I've had another go with what @HallsofIvy has posted.

[1 3 -1 | b1 ]
[1 -1 3 | b2 ]
[-2 -5 1 | b3 ]

[1 3 -1 | b1 ]
[0 -4 4 | b2 - b1 ] R2 - R1 = R2
[0 1 -1 | b3 + 2b1 ] R3 + 2R1

[1 3 -1 | b1 ]
[0 1 -1 | b3 + 2b1 ] Swap R2 & R3
[0 -4 4 | b2 - b1 ]

[1 0 2 | b1 - 3(b3 + 2b1) ] R1 - 3R3
[0 1 -1 | b3 + 2b1 ]
[0 0 0 | (b2 - b1) + 4(b3 + 2b1) ] R3 + 4R2

[1 0 2 | 7b1 - 3b3 ]
[0 1 -1 | b3 + 2b1 ]
[0 0 0 | 7b1 + b2 + 43

x1 + 2x3 = 7b1 - 3b2
x2 - x3 = 2b1 + b3
0 = 7b1 + b2 + 4b3

So my first equation is different to Hallsofivy.
Have I messed up somewhere?

Last edited: Aug 9, 2015
7. Aug 9, 2015

### FactChecker

Double check your calculations. For instance, I see b1 - 3(b3 + 2b1) = 7b1 - 3b3. Should be -5b1-3b3.

8. Aug 9, 2015

### mattyk

Dang it. I looked at that so many times.

So changed I get

x1 + 2x3 = -5b1 - 3b2
x2 - x3 = 2b1 + b3
0 = 7b1 + b2 + 4b3

Last edited: Aug 9, 2015
9. Aug 10, 2015

### FactChecker

You can make a test case to verify each step. Set x1 = x2 = x3 = 1. The original equations in Post #3 give b1=3, b2=3; b3= -8. Those should work in any equation you get along the way in your solution. If they don't, check that equation. I see that you have a wrong entry in (3,3) at the beginning of Post #6. You have [-2 -5 1 | b3 ] but it should be [-2 -5 -1 | b3 ].

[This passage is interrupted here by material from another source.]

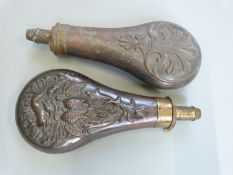 Two copper and brass powder flasks, both with embossed decoration, largest 20cm long.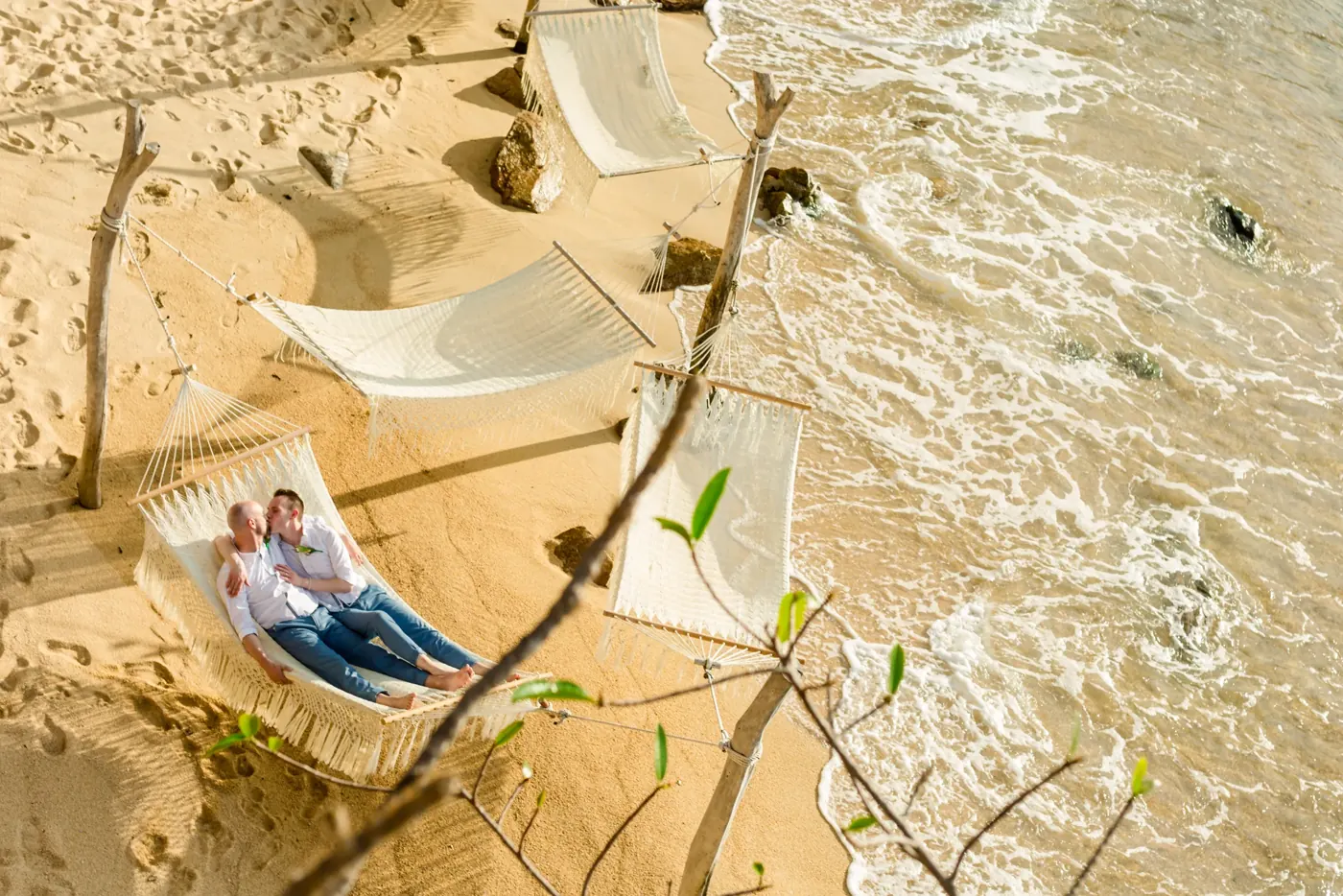 A couple resting in a beach hammock, seen from above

One of the disciplines that math requires is to check every sign and symbol step-by-step. It is very difficult, especially in large problems. That is why symbolic manipulation programs like MAPLE are so valuable.

10. Aug 11, 2015

### mattyk

I wrote the original equation down wrong. it should be -2x1 - 5x2 + x3 = b1.